Land is an essential source of livelihood for a majority of Sierra Leoneans. Most of Sierra Leone’s population lives in rural areas and it’s GDP is largely based on agriculture . The three main livelihood activities surveyed in the 2015 population and housing census are crop farming, animal husbandry and fishery, which depend largely on access to and ownership of land . Smallholders mostly cultivate rice, cassava, cocoa, coffee, cashew, groundnut, palm oil, vegetables and other fruit trees.
Research reports indicate that 4.3 million hectares (70%) of all arable land is characterized by low fertility as result of slash and burn, deforestation and erosion taking place in shifting cultivation farming . In addition to the arable land under cultivation, about 457,000 hectares of land areas are under protection with limited or no access .
Historically, the country’s land tenure system has developed twofold: The freehold tenure system governed by General Law (English Common Law and Statutory Law) in the Western Area, including the capital Freetown, which allows land sales and leases; and the customary tenure system governed by customary law, and partly general law, in the Provinces. In the aftermath of the decade-long civil war (1991-2002), Sierra Leone has attracted quite a number of investors. In so doing, mining, as well as large-scale farming operations have been set up all over the country. While Sierra Leone has a history of mostly state agricultural land investments, Chinese, Turkish, and Saudi Arabian investments have recently picked up in the agricultural sector.

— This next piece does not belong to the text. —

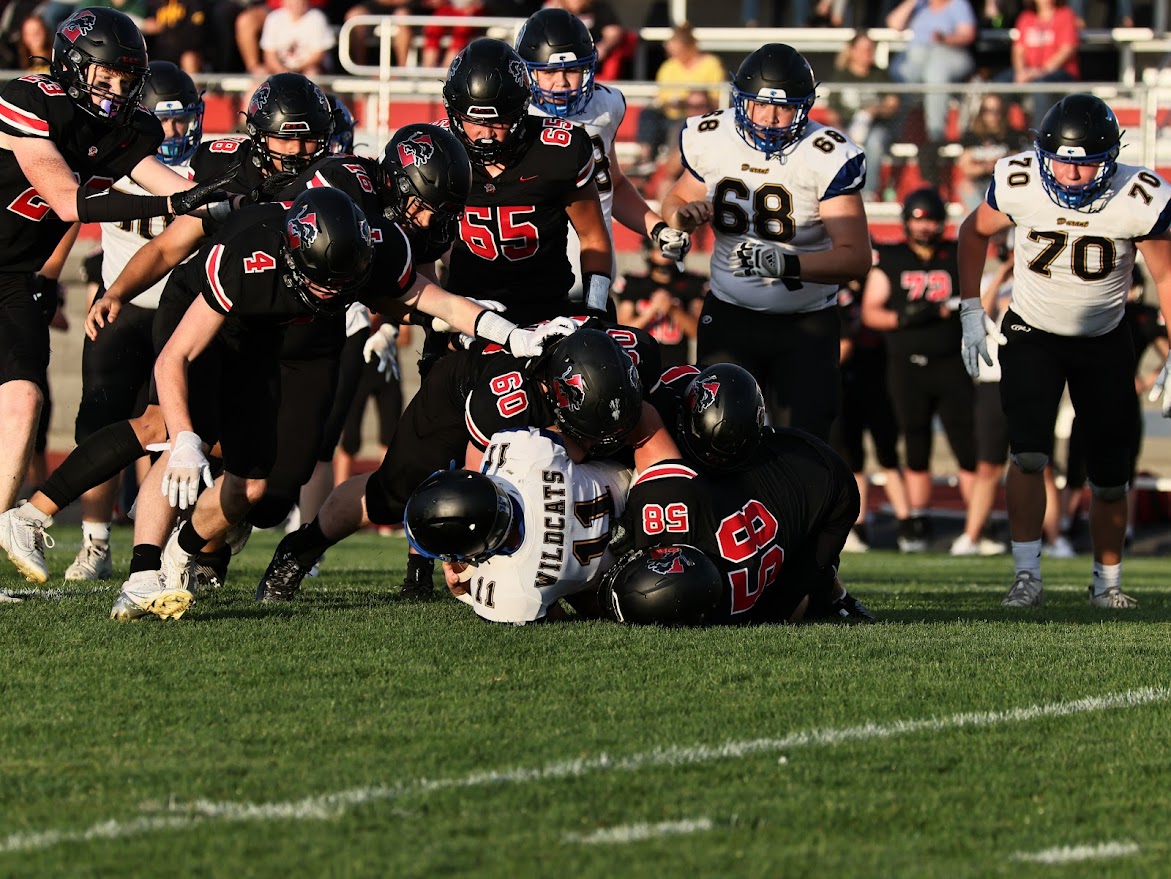 Lisbon’s Evan Coleman (No. 58) and Jacob Walerius (No. 60) tackle a Durant player at Walmer Field Friday, Aug. 30. 
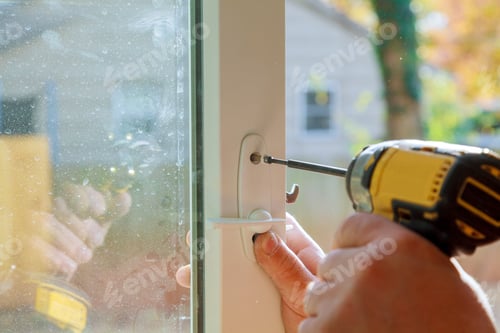 Preview: Handyman using a drill to installing lock in door in a house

Most current land-related challenges are related to large-scale projects that are supposed to spur rural development. Primarily, these conflicts are related to a lack of transparency and consent regarding land transfer, corruption, environmental issues and erroneous surveys, and, in some cases, the individual agendas of paramount chiefs. Another conflict line runs between land-using and land-holding families in the chieftaincies and related power disparities. Notably, women and youth remain excluded from land tenure decision-making process and have little say in shaping land investments.